To save you some research...

btamail.net.cn is a genuine site, apparently webmail.  I have e-mailed 
abuse@btamail to complain.

The apparent source IP address is 61.174.204.130, which is registered to 
Chinanet.  Their contact address as given in the whois registration is 
hostmaster@ns.chinanet.cn.net  With a bit of luck, this will turn out to be 
the culprit's ISP, and capable of cutting them off.  I have also e-mailed 
this address to complain.

Perhaps if they get lots of complaints they will decide it's easier to take 
the spammer offline?  Worth a try?

Peter
=====
Peter Taylor
pjt33@cam.ac.uk





From hz211@cam.ac.uk Sun, 9 Jun 2002 23:11:40 +0100 (BST)
Date: Sun, 9 Jun 2002 23:11:40 +0100 (BST)
From: H. Zheng hz211@cam.ac.uk
Subject: [CST-2] ADV: Direct Email Blaster, etc

Unfortunately I don't think Chinanet will act to such spams.  They are the
biggest and sole ISP that owns the fibres going out of China, and they are
too bureaucratic usually.  I suspect this is actually somebody in the US
abusing the btamail.net.cn to send out spams and pretend the source is in
China.

Cheers,
Han

On Sun, 9 Jun 2002 pjt33@cam.ac.uk wrote:

> To save you some research...
>
> btamail.net.cn is a genuine site, apparently webmail.  I have e-mailed
> abuse@btamail to complain.
>
> The apparent source IP address is 61.174.204.130, which is registered to
> Chinanet.  Their contact address as given in the whois registration is
> hostmaster@ns.chinanet.cn.net  With a bit of luck, this will turn out to be
> the culprit's ISP, and capable of cutting them off.  I have also e-mailed
> this address to complain.
>
> Perhaps if they get lots of complaints they will decide it's easier to take
> the spammer offline?  Worth a try?
>
> Peter
> =====
> Peter Taylor
> pjt33@cam.ac.uk
>
>
> _______________________________________________
> CST-2 mailing list
> CST-2@srcf.ucam.org
> http://www.srcf.ucam.org/mailman/listinfo/cst-2
>






From jas88@cam.ac.uk Mon, 10 Jun 2002 07:52:49 +0100 (BST)
Date: Mon, 10 Jun 2002 07:52:49 +0100 (BST)
From: James Sutherland jas88@cam.ac.uk
Subject: [CST-2] ADV: Direct Email Blaster, etc

On Sun, 9 Jun 2002 pjt33@cam.ac.uk wrote:

> To save you some research...
>
> btamail.net.cn is a genuine site, apparently webmail.  I have e-mailed
> abuse@btamail to complain.
>
> The apparent source IP address is 61.174.204.130, which is registered to
> Chinanet.  Their contact address as given in the whois registration is
> hostmaster@ns.chinanet.cn.net  With a bit of luck, this will turn out to be
> the culprit's ISP, and capable of cutting them off.  I have also e-mailed
> this address to complain.
>
> Perhaps if they get lots of complaints they will decide it's easier to take
> the spammer offline?  Worth a try?

Nope. They are a NOTORIOUS spamhaus; the day they stop shovelling spam
into people's inboxes, there will be a cool breeze in hell...

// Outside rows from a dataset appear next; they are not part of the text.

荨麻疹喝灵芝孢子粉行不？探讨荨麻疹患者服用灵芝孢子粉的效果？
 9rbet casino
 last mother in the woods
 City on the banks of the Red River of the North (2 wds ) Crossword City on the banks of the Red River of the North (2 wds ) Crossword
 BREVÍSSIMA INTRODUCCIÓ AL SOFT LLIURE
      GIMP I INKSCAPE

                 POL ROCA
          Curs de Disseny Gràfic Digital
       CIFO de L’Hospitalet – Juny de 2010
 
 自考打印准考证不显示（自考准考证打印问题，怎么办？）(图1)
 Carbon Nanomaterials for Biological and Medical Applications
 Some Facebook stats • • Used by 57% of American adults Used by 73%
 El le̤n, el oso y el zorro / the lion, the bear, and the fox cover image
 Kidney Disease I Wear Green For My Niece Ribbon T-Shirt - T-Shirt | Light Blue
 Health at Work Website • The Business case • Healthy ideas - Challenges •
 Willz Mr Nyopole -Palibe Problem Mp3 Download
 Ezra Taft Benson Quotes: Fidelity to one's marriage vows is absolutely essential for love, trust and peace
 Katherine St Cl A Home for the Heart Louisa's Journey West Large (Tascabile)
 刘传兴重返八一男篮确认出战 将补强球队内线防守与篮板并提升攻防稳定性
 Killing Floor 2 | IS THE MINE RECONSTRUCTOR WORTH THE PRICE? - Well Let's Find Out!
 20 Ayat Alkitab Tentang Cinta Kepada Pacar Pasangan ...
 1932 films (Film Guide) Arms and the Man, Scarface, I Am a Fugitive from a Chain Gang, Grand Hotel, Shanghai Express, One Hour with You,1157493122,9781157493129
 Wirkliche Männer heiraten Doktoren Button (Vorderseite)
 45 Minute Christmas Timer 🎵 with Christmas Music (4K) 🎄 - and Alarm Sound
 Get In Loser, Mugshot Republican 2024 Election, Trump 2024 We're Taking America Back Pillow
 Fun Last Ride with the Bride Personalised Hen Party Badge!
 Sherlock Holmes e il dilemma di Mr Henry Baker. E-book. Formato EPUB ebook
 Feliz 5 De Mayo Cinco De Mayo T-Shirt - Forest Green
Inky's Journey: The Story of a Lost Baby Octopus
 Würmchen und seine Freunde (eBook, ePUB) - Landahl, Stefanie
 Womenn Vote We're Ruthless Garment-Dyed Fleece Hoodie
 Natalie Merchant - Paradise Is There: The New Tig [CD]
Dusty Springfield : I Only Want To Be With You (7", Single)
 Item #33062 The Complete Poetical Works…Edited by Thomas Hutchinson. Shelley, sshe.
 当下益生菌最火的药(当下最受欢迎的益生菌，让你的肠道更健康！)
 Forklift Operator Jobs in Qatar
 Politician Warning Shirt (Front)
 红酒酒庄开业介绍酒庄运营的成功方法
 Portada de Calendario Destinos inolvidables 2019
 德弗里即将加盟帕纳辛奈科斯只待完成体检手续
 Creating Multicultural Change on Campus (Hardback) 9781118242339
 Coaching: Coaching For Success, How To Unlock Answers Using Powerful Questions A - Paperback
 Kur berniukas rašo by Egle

It's actually bad enough that one of my mail filtering rules junks ANY
mail which has passed through any PRC or South Korea mail server; I've
virtually abandoned my Hermes account, it just gets too much
foreign-language spam I can't even read!


James.






From gbmv2@cam.ac.uk Mon, 10 Jun 2002 16:22:01 +0100
Date: Mon, 10 Jun 2002 16:22:01 +0100
From: George van den Driessche gbmv2@cam.ac.uk
Subject: [CST-2] ADV: Direct Email Blaster, etc

----- Original Message -----
From: "James Sutherland" <jas88@cam.ac.uk>
To: <cst-2@srcf.ucam.org>
Sent: Monday, June 10, 2002 7:52 AM
Subject: Re: [CST-2] ADV: Direct Email Blaster, etc

[snip]

> Nope. They are a NOTORIOUS spamhaus; the day they stop shovelling spam
> into people's inboxes, there will be a cool breeze in hell...
>
> It's actually bad enough that one of my mail filtering rules junks ANY
> mail which has passed through any PRC or South Korea mail server; I've
> virtually abandoned my Hermes account, it just gets too much
> foreign-language spam I can't even read!
>
>
> James.



If you're willing to tolerate a small delay in mail delivery, and also
either a cap on the number of messages you receive a day, or having to pay
for the service, then consider forwarding through a bigfoot.com address. The
only spam I get this way is from bigfoot themselves, once every few months.
But then, I have hardly any friends, so the rate cap doesn't bother me :)

George







From amj30@cam.ac.uk Mon, 10 Jun 2002 16:25:48 +0100
Date: Mon, 10 Jun 2002 16:25:48 +0100
From: Anthony Jones amj30@cam.ac.uk
Subject: [CST-2] ADV: Direct Email Blaster, etc

On Mon, Jun 10, 2002 at 04:22:01PM +0100, George van den Driessche wrote:
> If you're willing to tolerate a small delay in mail delivery, and also
> either a cap on the number of messages you receive a day, or having to pay
> for the service, then consider forwarding through a bigfoot.com address. The
> only spam I get this way is from bigfoot themselves, once every few months.
> But then, I have hardly any friends, so the rate cap doesn't bother me :)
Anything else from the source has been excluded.